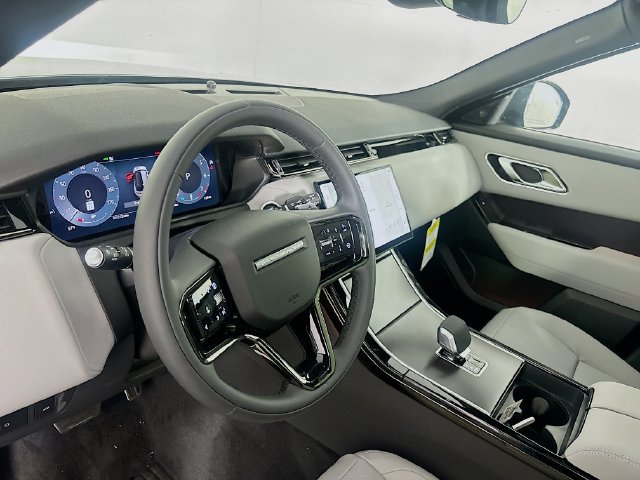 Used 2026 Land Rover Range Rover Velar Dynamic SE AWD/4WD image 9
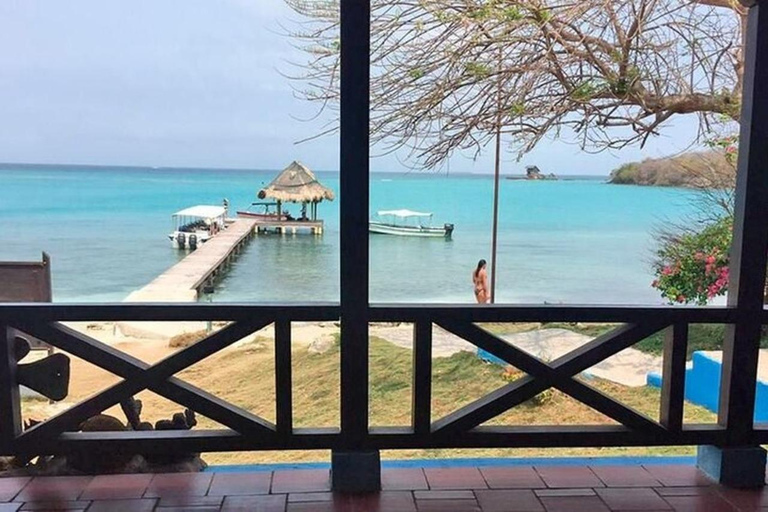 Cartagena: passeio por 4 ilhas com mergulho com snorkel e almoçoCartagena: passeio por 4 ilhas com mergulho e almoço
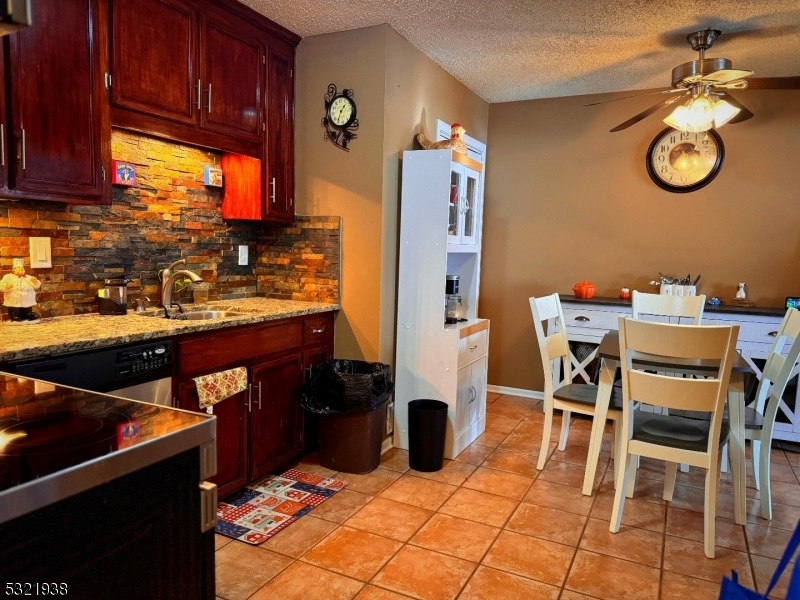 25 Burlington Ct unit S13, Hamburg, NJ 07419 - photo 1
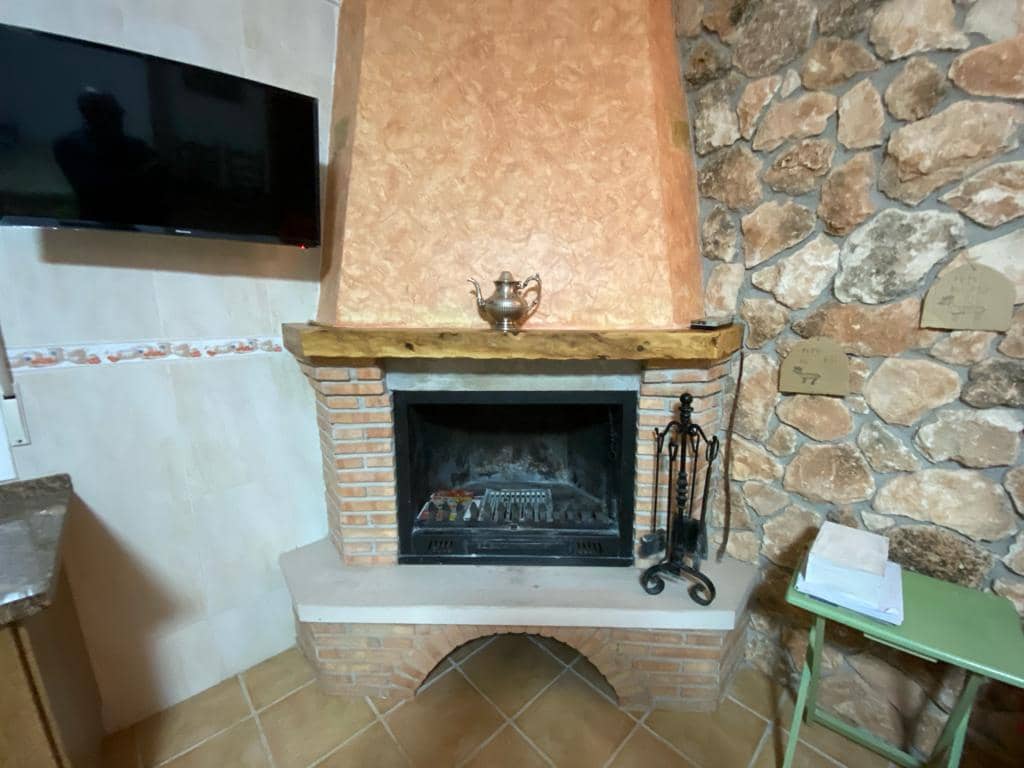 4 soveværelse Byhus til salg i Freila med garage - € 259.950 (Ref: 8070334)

========================

Task statement =
What you give back should be the full material above, retyped exactly, with every image removed.

Task solution =
 Used 2026 Land Rover Range Rover Velar Dynamic SE AWD/4WD image 9
 Cartagena: passeio por 4 ilhas com mergulho com snorkel e almoçoCartagena: passeio por 4 ilhas com mergulho e almoço
 25 Burlington Ct unit S13, Hamburg, NJ 07419 - photo 1
 4 soveværelse Byhus til salg i Freila med garage - € 259.950 (Ref: 8070334)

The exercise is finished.